A Biologically Realistic Model of Saccadic Eye Control with Probabilistic Population Codes

TL;DR

This paper presents a biologically plausible model of saccadic eye control that employs a Bayesian Kalman filter to optimally integrate proprioceptive and efference copy signals, explaining eye movement control in the posterior parietal cortex.

Contribution

It introduces a novel, biologically realistic implementation of a Bayesian Kalman filter for eye control, reconciling different data interpretations about parietal cortex functions.

Findings

The model achieves Bayes optimal eye position estimation.

It accounts for latency in proprioceptive signals.

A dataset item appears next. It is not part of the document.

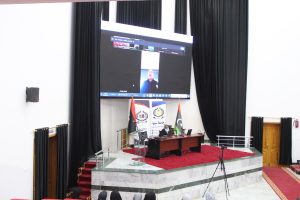 Speaker at a desk on a raised stage with a large screen showing a video call above, flanked by flags and banners in a formal auditorium.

Supports biological plausibility of Bayesian brain hypothesis.

Abstract

The posterior parietal cortex is believed to direct eye movements, especially in regards to target tracking tasks, and a number of debates exist over the precise nature of the computations performed by the parietal cortex, with each side supported by different sets of biological evidence. In this paper I will present my model which navigates a course between some of these debates, towards the end of presenting a model which can explain some of the competing interpretations among the data sets. In particular, rather than assuming that proprioception or efference copies form the key source of information for computing eye position information, I use a biological plausible implementation of a Kalman filter to optimally combine the two signals, and a simple gain control mechanism in order to accommodate the latency of the proprioceptive signal. Fitting within the Bayesian brain hypothesis, the result is a Bayes optimal solution to the eye control problem, with a range of data supporting claims of biological plausibility.